- I am training a model, and using the original learning rate of the author (I use their github too), I get a validation loss that keeps oscillating a lot, it will decrease but then suddenly jump to a large value and then decrease again, but never really converges as the lowest it gets is 2 (while training loss converges to 0.0 something - much below 1)
At each epoch I get the training accuracy and at the end, the validation accuracy. Validation accuracy is always greater than the training accuracy.
When I test on real test data, I get good results, but I wonder if my model is overfitting. I expect a good model's val loss to converge in a similar fashion with training loss, but this doesn't happen and the fact that the val loss oscillates to very large values at times worries me.
- Adjusting the learning rate and scheduler etc etc, I got the val loss and training loss to a downward fashion with less oscilliation, but this time my test accuracy remains low (as well as training and validation accuracies)

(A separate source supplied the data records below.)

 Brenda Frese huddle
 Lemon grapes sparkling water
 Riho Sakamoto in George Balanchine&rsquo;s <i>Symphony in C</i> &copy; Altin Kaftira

I did try a couple of optimizers (adam, sgd, adagrad) with step scheduler and also the pleateu one of pytorch, I played with step sizes etc. but it didn't really help, neither did clipping gradients.
- Is my model overfitting?
- If so, how can I reduce the overfitting besides data augmentation?
- If not (I read some people on quora said it is nothing to worry about, though I would think it must be overfitting), how can I justify it? Even if I would get similar results for a k-fold experiment, would it be good enough? I don't feel it would justify the oscilliating. How should I proceed?